Many researchers have investigated various approaches to provide predictable and deterministic response time for RTOS at an affordable cost. One approach is to move RTOS functionality from software to dedicated hardware part; because hardware implementation of an algorithm is more predictable than software implementation of it; Moreover, it can also increase system performance due to the CPU load reduction.

The idea of a HW-OS that uses hardware implementation of Scheduling and Inter-Process communication has been proposed in [6]. In our proposed HW/SW-RTOS implementation, we replaced the POSIX support of eCos operating system with dedicated data exchanging mechanisms. The scheduler is also replaced with a dedicated hardware module. Inter-Process communications have been done by semaphores or Mutex. In our proposed HW/SW-RTOS, we directly update memory locations for implementation of semaphores and Mutex.
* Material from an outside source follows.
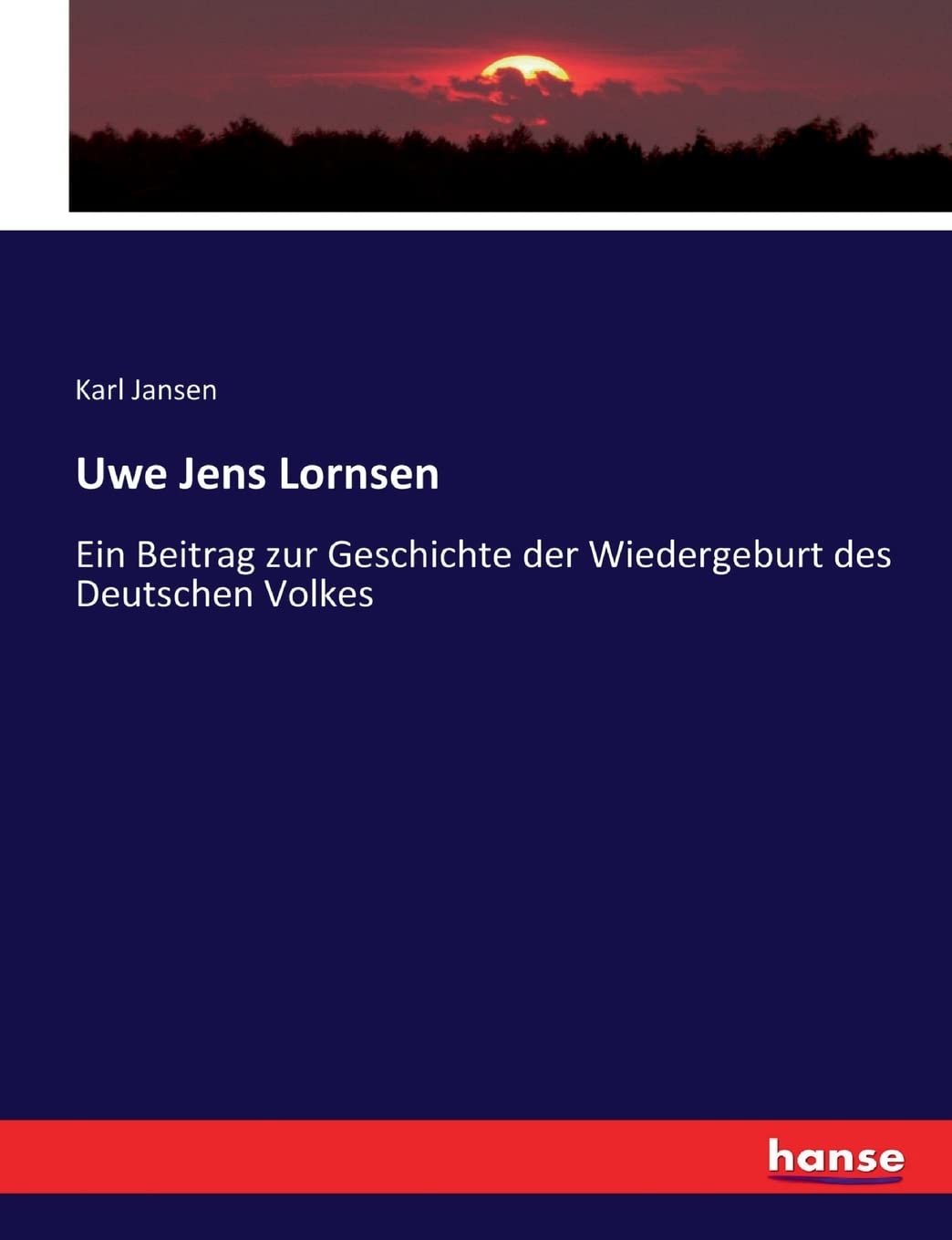 Uwe Jens Lornsen: Ein Beitrag zur Geschichte der Wiedergeburt des Deutschen Volkes (German Edition)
Inter-Process communications have been done by generating standard bus transactions; consequently, they are carried out in HW/SW-RTOS more efficiently than SW-RTOS implementation.

Figure 1 shows the comparison between standard SW-RTOS (top) and our proposed HW/SW-RTOS architecture (bottom). As shown in Figure 1, in the proposed HW/SW-RTOS, the operating system is composed of five units:







Fig. 1. SW-RTOS versus HW/SW-RTOS.

- Scheduling unit (Implemented in HW)
- Data Exchanger unit (Implemented in HW)
- System on Chip Lock Cache unit (Implemented in HW)
- Context switching unit (Implemented in SW)

### 2.2.1 Scheduling Unit

The scheduling unit finds out the next software task ID. In our proposed HW/SW-RTOS, the hardware implemented Weighted-Round-Robin (WRR) is used. At each scheduling cycle the task pointer increments and the *Data Exchanger* unit returns the condition of task (executable or blocking). If an executable task is found, the CPU will be informed by issuing a hardware interrupt. WRR unit selects the not-recently-executed task and avoids the starvation problem if there are several executable tasks.

#### 2.2.2 Data Exchanger Unit

Data Exchanger manages the data transfer between tasks. If a task provides (needs) some data for (from) another task, it informs Data Exchanger unit to handle its case.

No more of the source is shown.